■ **REQUIRED WORK**
Omit the pictures and retype only the lines from the one containing "Debby Scallop Sweater" through the end of the listing, both ends included.

■ **DATASET EXTRACT**
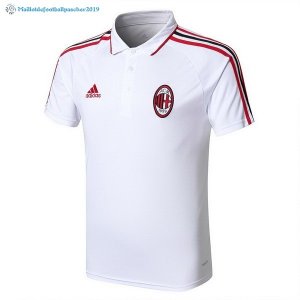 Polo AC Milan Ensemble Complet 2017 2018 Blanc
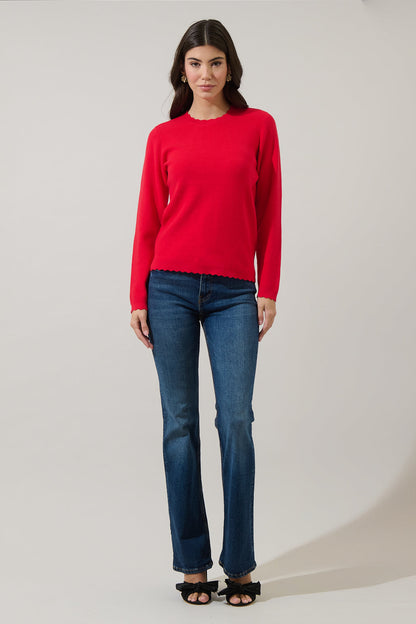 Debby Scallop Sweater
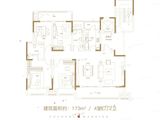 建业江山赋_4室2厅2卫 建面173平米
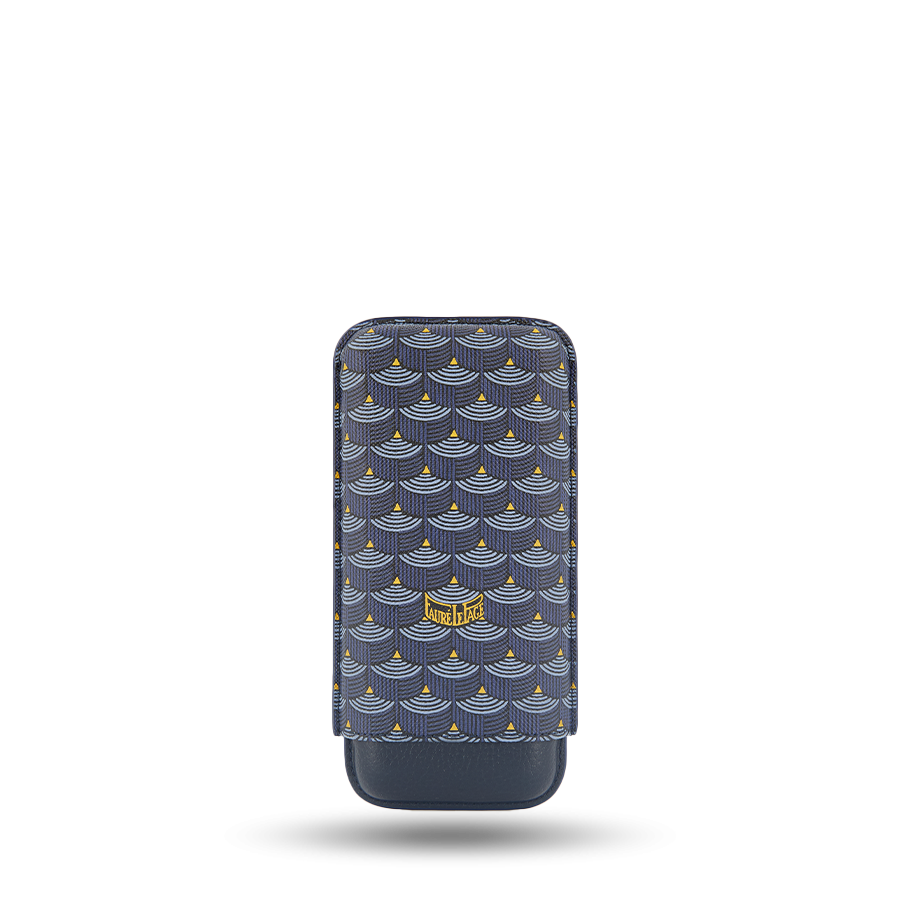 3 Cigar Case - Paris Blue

■ **OUTPUT**
 Debby Scallop Sweater
 建业江山赋_4室2厅2卫 建面173平米
 3 Cigar Case - Paris Blue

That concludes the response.